Eighty patients with manifest or concealed Wolff-Parkinson-White (WPW) syndrome underwent catheter ablation of 86 accessory pathways (AP) using radiofrequency current. There are 65 AP located on the left side and 21 on the right side of the heart. The atrioventricular reciprocating tachycardia was previously documented in 77 patients and atrial fibrillation with a rapid ventricular response in 21 patients. Ablation was attempted via a catheter positioned at the atrial aspect of the tricuspid annulus in patients with a right-sided AP and via a catheter positioned in the left ventricle directly below the mitral annulus in patients with a left-sided AP. AP conduction was permanently abolished in 82 of the 86 pathways (95%).
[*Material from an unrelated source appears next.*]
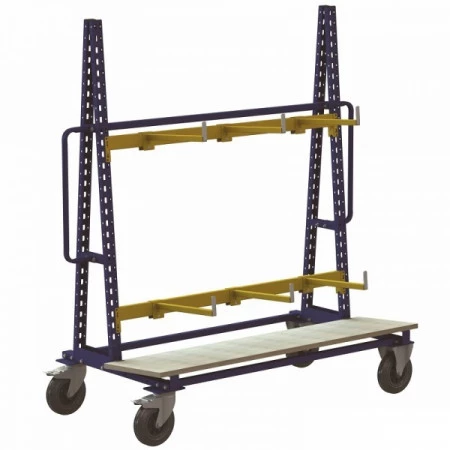Cantilever mobile stockage vertical Cantilever mobile stockage vertical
The number of radiofrequency current applications for these 82 successfully ablated AP was 7.6±0.9. Of the 65 left-sided and 21 right-sided AP, 62 (95%) and 20 AP (95%) were successfully ablated, respectively. The current application to the right-sided AP was 16.7±2.2, which was greater than that to the left-sided one (4.7±0.6, p<0.001). No serious complication was observed in any case. Catheter ablation of AP using radiofrequency current is an effective and safe therapeutic modality for patients with symptomatic WPW syndrome.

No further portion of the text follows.